I saluti romani e l’Anpi, le due piazze contrapposte di Dongo. Il sindaco: “Così ogni anno, ma non ci si abitua”

Dongo (Como) – È un’eredità ingombrante quella di Dongo e il famoso o famigerato oro, a seconda dei punti di vista, questa volta non c’entra. A pesare come un macigno è la consapevolezza di essere il luogo in cui si è consumato l’epilogo del Fascismo, o per essere più precisi del suo fondatore Benito Mussolini che fu fermato alle 16 del 27 aprile 1945 mentre fuggiva con una colonna tedesca e giustiziato il giorno dopo, a pochi chilometri da qui a Giulino di Mezzegra, di fronte al cancello di Villa Belmonte.

Sindaco Mauro Robba, perché a 80 anni di distanza “i fatti di Dongo” continuano a dividere?

"Forse perché non adottiamo la giusta distanza e la serenità con cui si dovrebbe guardare a un evento storico”.

In pratica si rischia di essere “troppo” partigiani?

“Da questo punto di vista ce ne sono più oggi che allora. Io li ho conosciuti i partigiani, quelli veri, e anzitutto non erano solo di sinistra, ma anche liberali e cattolici. Di quello che è successo qui non parlavano volentieri, avevano fermato la colonna con Mussolini sì, ma poi c’era stata l’ombra dell’oro sparito, le inchieste e le voci su chi dopo la guerra poteva contare su ricchezze insperate. Poi c’era il dolore e anche il rispetto dei morti, che qui sono stati tanti da una parte e dall’altra”.

Oggi cosa c’è?

“C’è una memoria che non è condivisa. Nella piazza dove nell’aprile del 1945 fu fermata la colonna in fuga si fronteggiano l’Anpi e i nostalgici, gli uni a urlare slogan e insulti contro gli altri, divisi da un cordone di sicurezza. Purtroppo succede così ogni anno, anche se non riusciamo a farci l’abitudine”.

E voi cosa fate?

“Abbiamo intitolato la piazza a Giulio Paracchini, nome di battaglia ’Gino’, ucciso dalle Brigate Nere sui monti sopra Dongo il 24 aprile 1945. Abbiamo anche fatto un regolamento comunale che vieta in questo luogo le manifestazioni politiche, ma non è servito a niente, l’autorizzazione non la chiedono a noi”.

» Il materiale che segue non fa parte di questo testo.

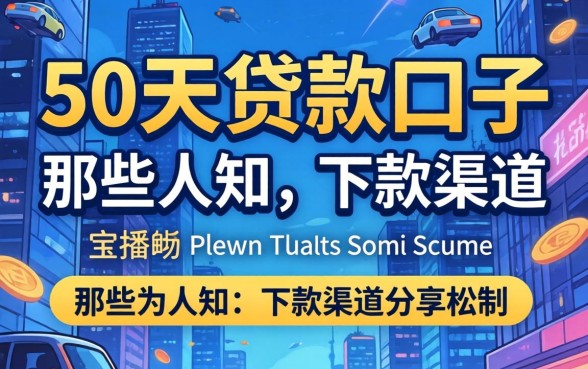 揭秘50天贷款口子：那些不为人知的下款渠道分享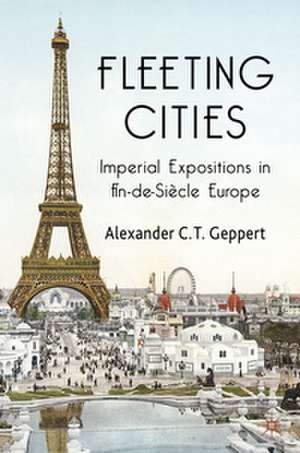 Fleeting Cities: Imperial Expositions in Fin-de-Siècle Europe de Alexander C.T. Geppert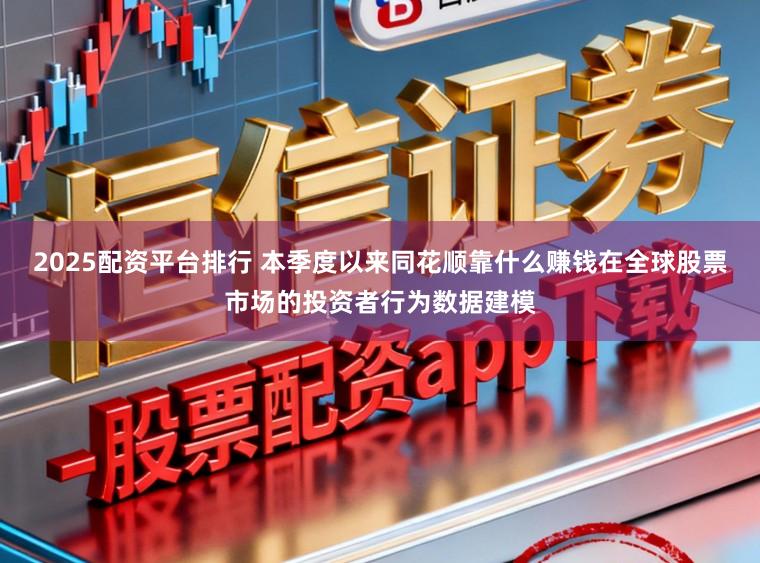 2025配资平台排行 本季度以来同花顺靠什么赚钱在全球股票市场的投资者行为数据建模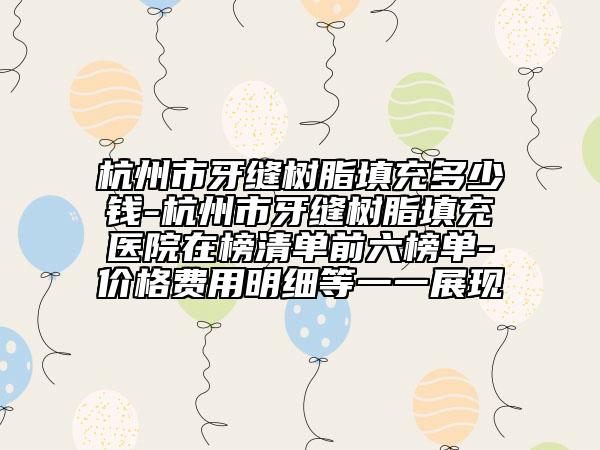 杭州市牙縫樹(shù)脂填充多少錢(qián)-杭州市牙縫樹(shù)脂填充醫(yī)院在榜清單前六榜單-價(jià)格費(fèi)用明細(xì)等一一展現(xiàn)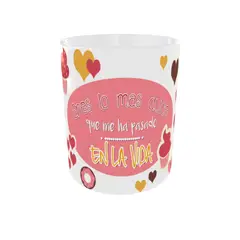 GENERICO - TAZA ERES LO MAS DULCE QUE ME HA PASADO EN LA VIDA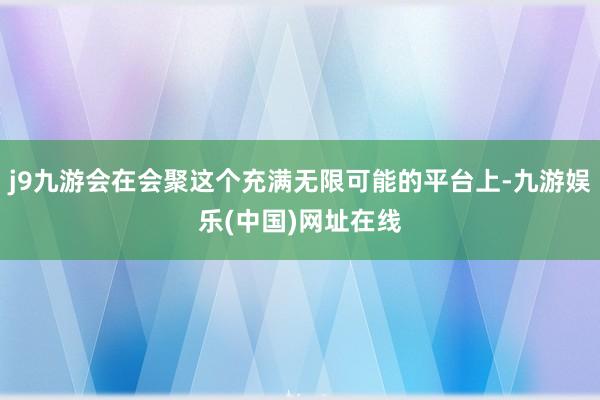 j9九游会在会聚这个充满无限可能的平台上-九游娱乐(中国)网址在线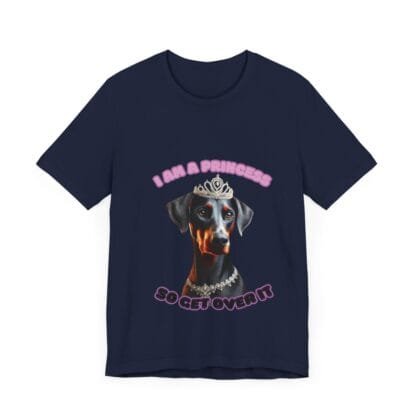 The Dobes Unisex Jersey Short Sleeve Tee - I Am A Princess uc - Image 177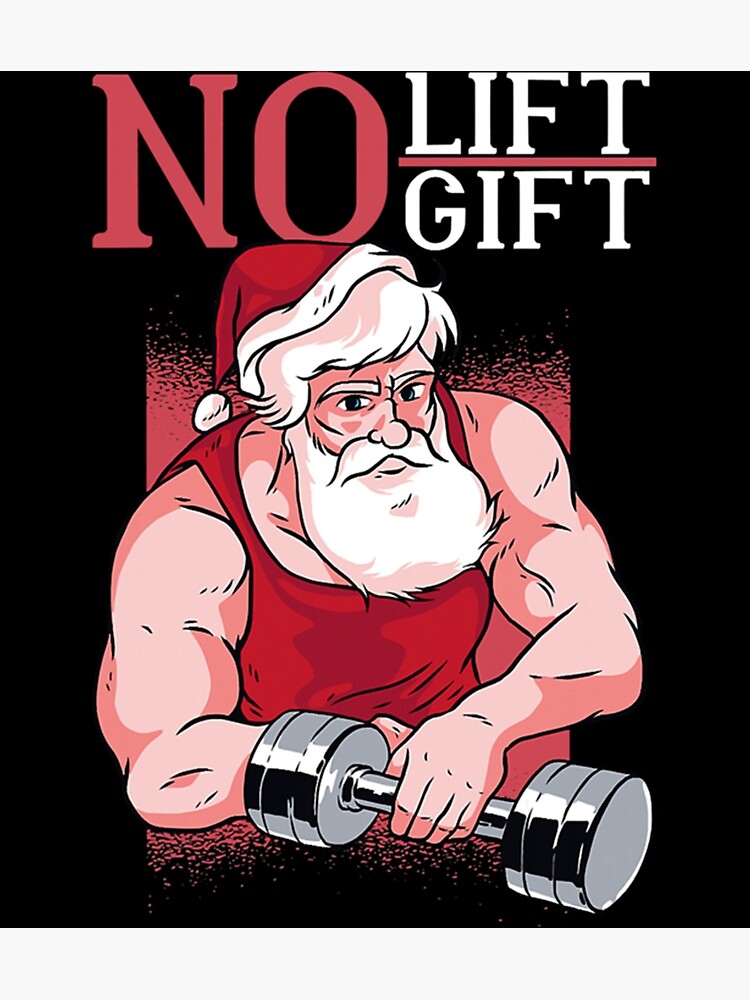 Funny No Lifts No Gifts Ugly Workout Powerlifting for Christmas present  Poster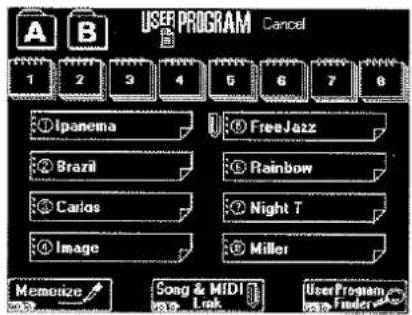 USE PROGRAM Cancel 1 2 3 4 5 6 7 8 ① Ipanema ② Brazil ③ Carlos ④ Image ⑤ Free Jazz ⑥ Rainbow ⑦ Night T ⑧ Miller Memorize Song & MIDI User Program Begin Finder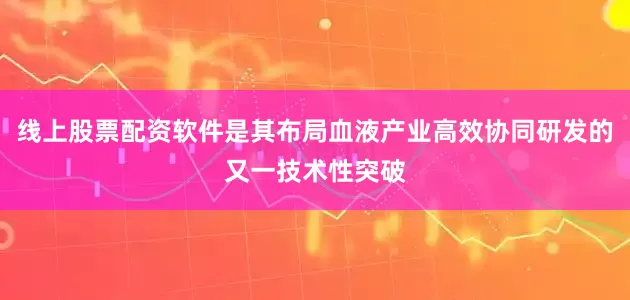 线上股票配资软件是其布局血液产业高效协同研发的又一技术性突破
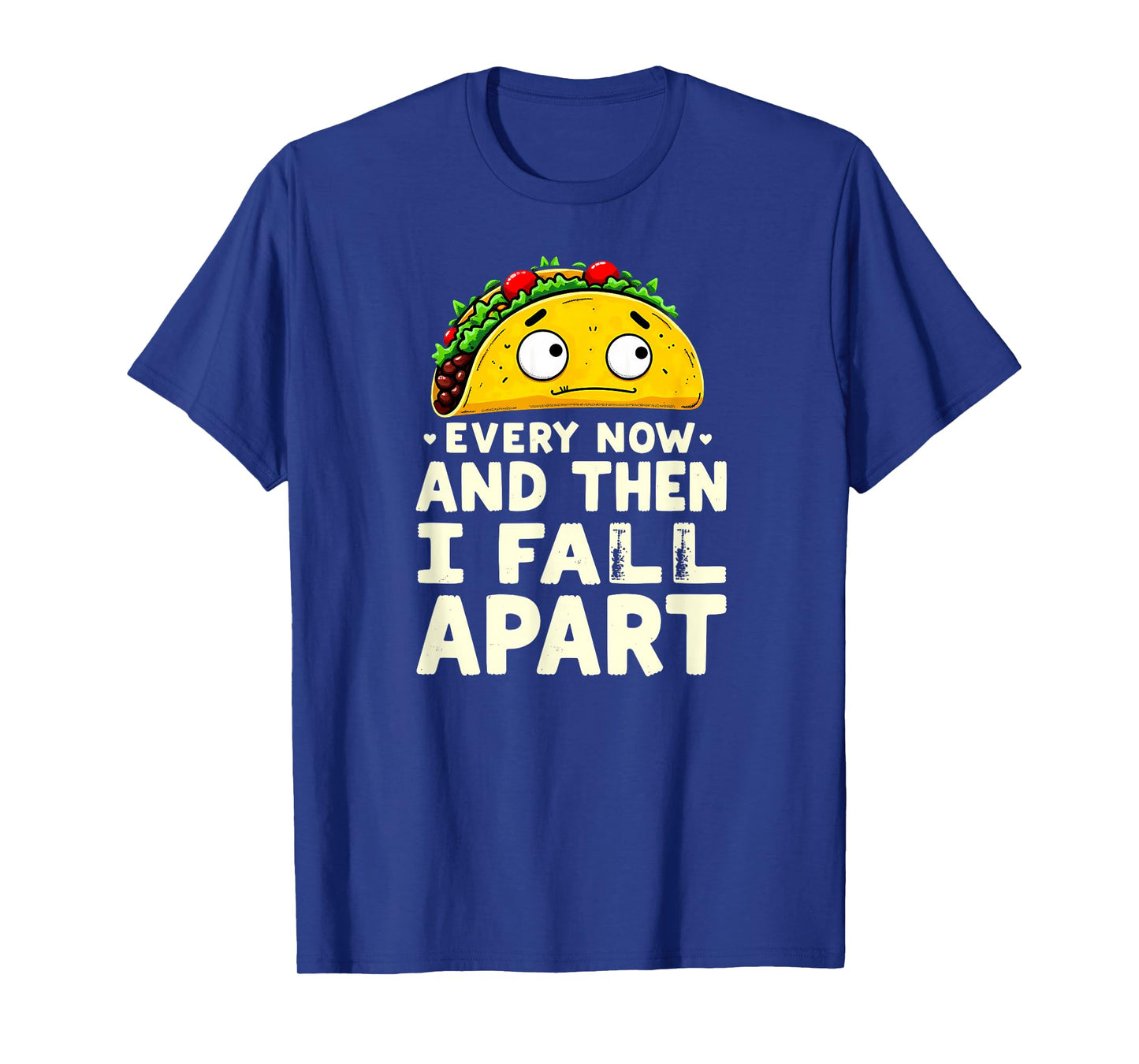 Cute Taco Every Now and Then I Fall Apart T-Shirt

Quindi siete costretti a subire?

“Anche quest’anno abbiamo dovuto pagare gli operai che all’alba hanno montato le transenne e divisori, abbastanza alti perché i due fronti non possano vedersi, ma le urla e gli slogan si sentono eccome”.

Quale sarebbe secondo lei il modo giusto di convivere con quei giorni?

“Undici anni fa con l’aiuto e la consulenza di un comitato di storici abbiamo aperto a Palazzo Manzi, il luogo in cui fu portato Mussolini subito dopo la cattura, il Museo della fine della Guerra. Lì organizziamo incontri e convegni tutto l’anno e non solo il 25 Aprile per ricordare cosa accadde qui. Il nuovo direttore è preside dell’Istituto Comprensivo e ha coinvolto anche i ragazzi in questo progetto, questo per noi vuol dire onorare la memoria”.